The term "American Indian and Alaska Native" (AI/AN) is used to refer to indigenous peoples of the United States. It is encompassed by the broader term "Native American," which also includes indigenous peoples of Canada (known as Aboriginal Canadians, Native Canadians, or First Nations), Mexico, and Central and South America. "Alaska Native" is used to refer jointly to Eskimos (Inuit), Indians, and Aleuts living in that state. (The Inuit are also native to Canada.) "Native American" is widely accepted as the "correct" term for the indigenous peoples that were residing in North America when Europeans first arrived on the continent, and for their descendants. Although the terms Native American and AI/AN imply a certain degree of cultural homogeneity, the indigenous peoples of North America do not form a monolithic ethnic or cultural group, despite their sharing broadly similar experiences. There are hundreds of Native American groups, each with distinctive traditions, customs, values, spiritual beliefs, lifestyles, and languages. In considering Native Americans generally, or AIs/ANs specifically, it is important to recognize their internal diversity.

DEMOGRAPHICS

Contemporary AI/AN populations live in urban areas and on reservations. In the United States an estimated 2.5 million persons were projected to identify themselves in the 2000 Census as American Indian or Alaska Native, nearly 0.9 percent of the total United States population. These persons, most of whom will indicate an affiliation with one of the more than five hundred federally designated tribal organizations, are predominantly located in the western United States (48%), the South (29%), and the Midwest (17%), with just 6 percent in the Northeast. This distribution of the AI/AN population reflects the consequences of the historical pattern of settlement of the United States and the displacement of American Indians to primarily western and southern parts of the country. Alaska Natives numbered some 106,000 persons in 1999, approximately 4.3 percent of the total AI/AN population. Of persons who identified themselves as AI/AN in the 1990 Census, 1.2 million (57%) resided in the 33 reservation states served by the Indian Health Service (IHS), an agency of the U.S. Department of Health and Human Services. The AI/AN population, however, has become increasingly urbanized; in 1990, close to 66 percent of AIs/ANs resided in urban areas, while just 20 percent lived on reservations. This was a marked increase from 1980, when 54 percent of AIs/ANs lived in urban areas, and from 1970, when 45 percent did so.

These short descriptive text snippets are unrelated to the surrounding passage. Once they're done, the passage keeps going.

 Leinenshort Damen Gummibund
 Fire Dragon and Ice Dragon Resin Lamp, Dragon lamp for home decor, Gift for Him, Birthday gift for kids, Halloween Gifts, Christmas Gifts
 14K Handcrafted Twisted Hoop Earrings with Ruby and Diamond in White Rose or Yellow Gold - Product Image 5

According to 1990 Census projections to November 1, 2000, the estimated median age for AIs/ANs was twenty-eight—a full eight years below that of the national population. The distribution of sex for AIs/ANs (51% female and 49% male) did not differ from that of the national population. The AI/AN population did have a greater prevalence of poverty (32% versus 13% nationally) and unemployment (16% versus 6% nationally), and a lower prevalence of high school graduates (65% versus 75% nationally) and college graduates (9% versus 20% nationally).

HISTORICAL, SOCIAL, AND POLITICAL CONTEXTS OF NATIVE-AMERICAN HEALTH

Since their initial contact with Europeans in the late fifteenth century, AI/AN populations have experienced catastrophic losses of life, land, political autonomy, and social cohesion. Illness was often the first, and most ravaging, effect of colonization felt by indigenous peoples. Infectious diseases such as smallpox, measles, and influenza were introduced by Europeans and reached epidemic proportions among Native Americans, who had never been exposed to these diseases and had no immunity to them. As colonization and westward expansion continued, Native Americans were subject to war, genocide, removal from tribal lands, relocation, and forced labor. These factors all contributed to the decimation of 50 to 90 percent of the indigenous populations by the end of the nineteenth century.

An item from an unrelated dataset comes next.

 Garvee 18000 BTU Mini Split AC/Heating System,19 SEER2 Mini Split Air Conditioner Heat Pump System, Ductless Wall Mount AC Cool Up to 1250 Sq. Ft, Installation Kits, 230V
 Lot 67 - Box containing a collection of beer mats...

The experience of forcible relocation onto reservations under the Bureau of Indian Affairs' assimilation program, and similar programs of Canadian churches and other institutions, designed to "civilize" AIs/ANs in the late nineteenth century, brought drastic changes to the social organization and living conditions of Native Americans. These changes led to an increase in health problems, including diseases such as tuberculosis, venereal disease, and alcoholism. The transfer in 1954 of responsibility for Indian health from the Bureau of Indian Affairs to the IHS heralded not only an administrative change but also the emergence of a new medical ideology by which the poor health status of Native Americans was no longer attributed to "savage ignorance," but to a lack of sufficient medical knowledge. The IHS did in fact bring many infectious diseases under control; however, chronic diseases emerged to take their place. Further, social pathologies began to have an increasing impact on the AI/AN population in the latter half of the twentieth century.

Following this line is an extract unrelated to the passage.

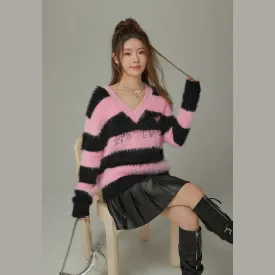 Striped V-Neck Knit Sweater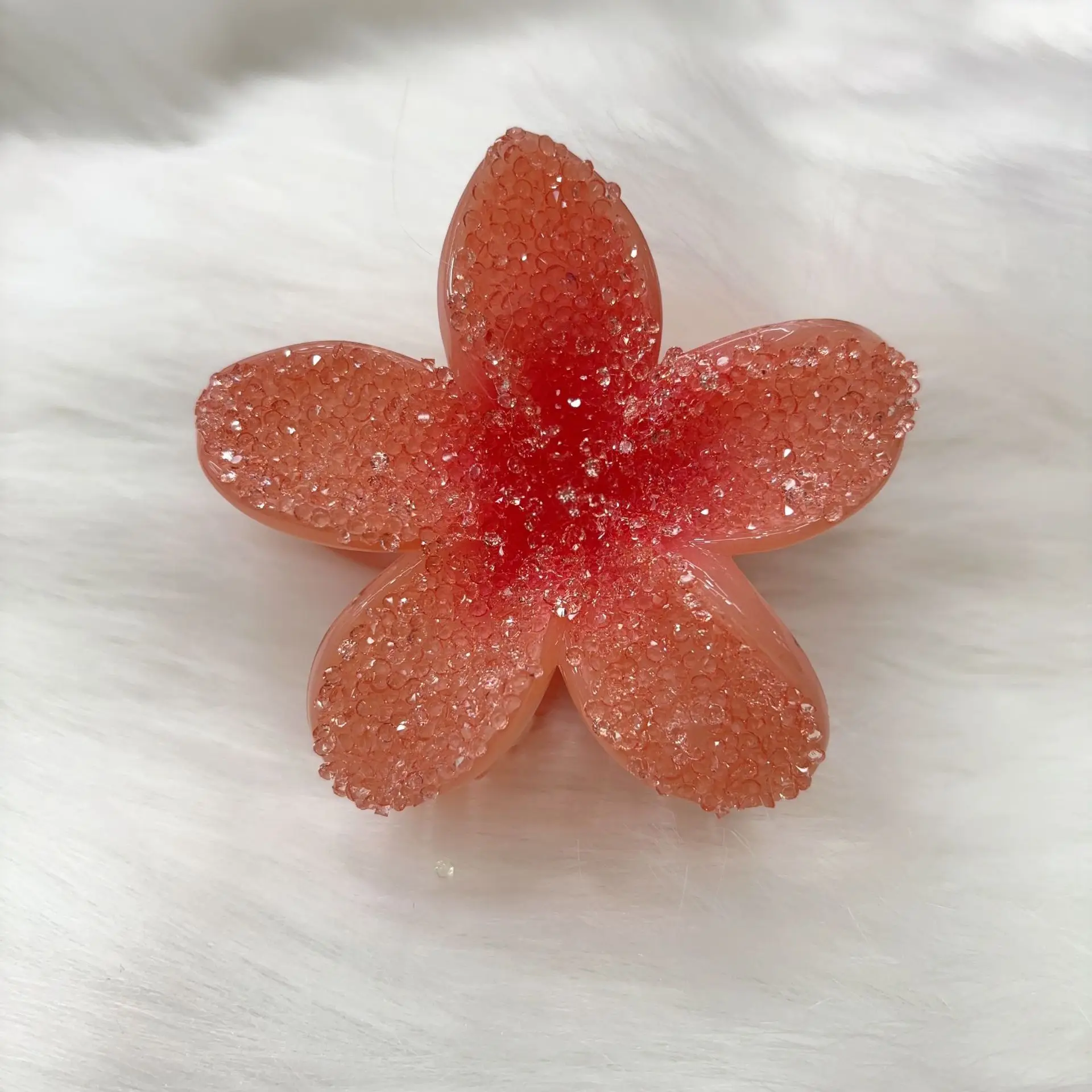 Nouvelle pince à griffes de fleur de forage à eau-Style haut de gamme, pince requin pour cheveux chignon, accessoire de cheveux scintillant pour les femmes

In the 1950s and 1960s, the federal government again pursued a policy of "assimilation," by which AIs/ANs were encouraged to relocate from reservations to urban areas. At the same time, though, the IHS was establishing itself as a highly centralized, largely reservation-based (and thus rural), health care service. In the 1970s the IHS reversed this trend with an increasingly decentralized service—concomitant with encouragement of tribes to directly operate or contract their own health services. Today there are problems not only with the ongoing provision of adequate health services in rural areas, but the AIs/ANs living in urban areas also have difficulty gaining care from the IHS, which devotes just 2 percent of its budget to urban programs.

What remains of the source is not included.